Il semble particulièrement risqué pour la BCE de lancer une action préemptive le 7 septembre en amont d’événements politiques et économiques majeurs :
- La BCE sera tentée d’attendre que la Fed amorce le dégonflement de son bilan avant d’agir. Nous anticipons que cette dernière fera une communication formelle lors de sa prochaine réunion le 20 septembre pour une mise en place dès octobre. Dans ce contexte, les membres de la BCE pourraient préférer attendre cet automne afin de jauger l’impact d’un tel changement sur les devises et sur les conditions financières. Alors que l’euro s’est significativement apprécié (~ 13%) depuis le début de l’année face au dollar, cette manœuvre sans précédent pourrait soulager l’euro et doper le dollar
- Aux Etats-Unis, l’administration Trump s’engage dans des sujets compliqués et devra trouver un consensus sur le budget 2018 avant le 30 septembre qui marquera la fin de l’année fiscale. A défaut, le pays pourrait faire face à l’arrêt de certaines administrations et services fédéraux (le fameux « government shutdown »). Certains points semblent déjà bloquer notamment le financement du mur à la frontière Mexicaine. Le relèvement du plafond de la dette est également une priorité, d’autant que les dégâts causés par l’ouragan Harvey vont nécessiter une aide financière d’urgence de l’Etat. L’absence d’accord au sein du Congrès pourrait coûter des points de croissance au pays entrainant une faiblesse du dollar face à l’euro et compliquant davantage les projets de normalisation de la politique monétaire européenne.

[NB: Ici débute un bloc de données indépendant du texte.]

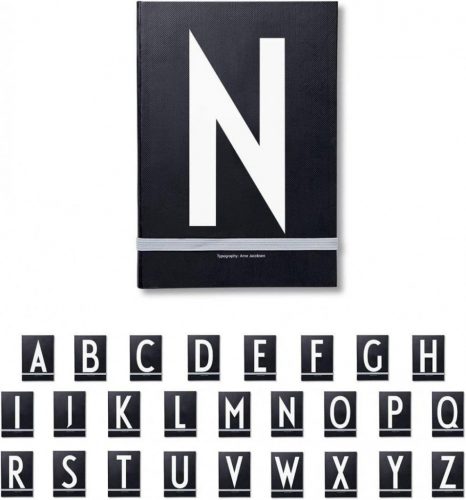 Design Letters A-Z Fekete Notizbuch, A5 Méretű, Keményfedelű Jegyzetfüzet Rugalmas Zárószalaggal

- Le calendrier électoral avec les élections en Allemagne le 24 septembre plaide également pour la patience. Bien qu’Angela Merkel bénéficie d’une solide avance dans les sondages, les banquiers centraux préfèreront certainement s’assurer de la stabilité du gouvernement allemand. Dans la foulée, le référendum sur l’indépendance de la Catalogne en Espagne prévu le 1er octobre pourrait déstabiliser le pays et la zone euro.
- Enfin, la résurgence des tensions géopolitiques notamment avec la Corée du Nord appelle à la prudence. Bien que les Nations Unis aient unanimement condamné les actions de Pyongyang, le spectre d’une guerre commerciale entre certains pays au sein même de l’organisation inquiète. En effet, l’attentisme et le double jeu de la Chine dans le conflit agacent Washington qui risque bien de multiplier les sanctions commerciales.